_What this task involves_. Without including any pictures, copy every line below exactly.

_Dataset content_.
- Opening Delimiter -

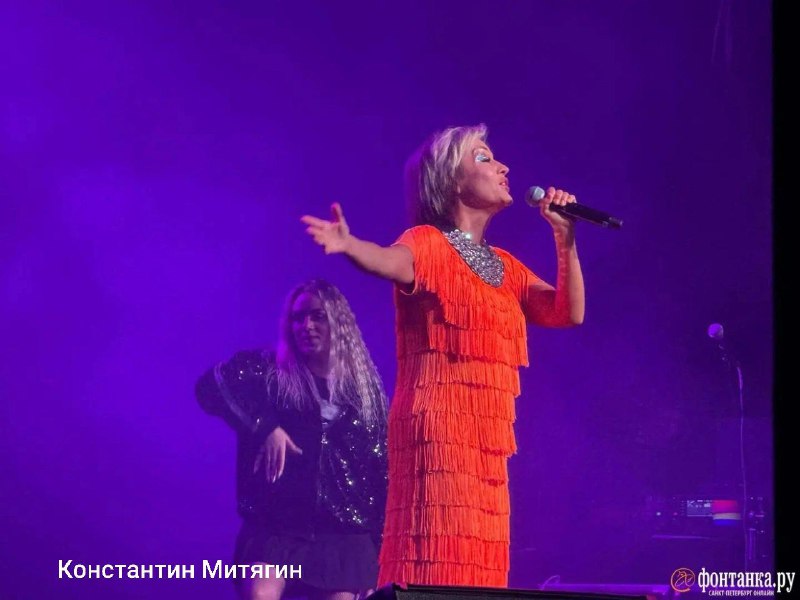 Татьяна Буланова обвинила танцоров в предательстве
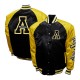 Appalachian State Mountaineers The Game Black Satin Jacket Appalachian State Mountaineers The Game Black Satin Jacket
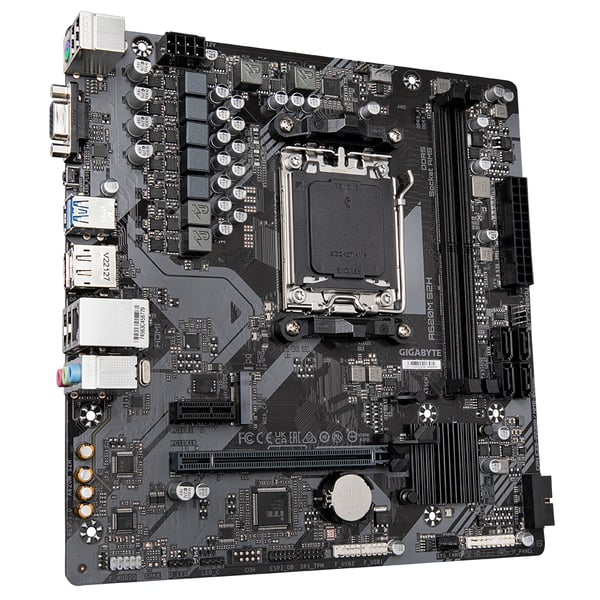 GIGABYTE A620M S2H moderkort AMD A620 AM5-sockel micro ATX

- Closing Delimiter -

_Solution to this exercise_.
 Татьяна Буланова обвинила танцоров в предательстве
 Appalachian State Mountaineers The Game Black Satin Jacket Appalachian State Mountaineers The Game Black Satin Jacket
 GIGABYTE A620M S2H moderkort AMD A620 AM5-sockel micro ATX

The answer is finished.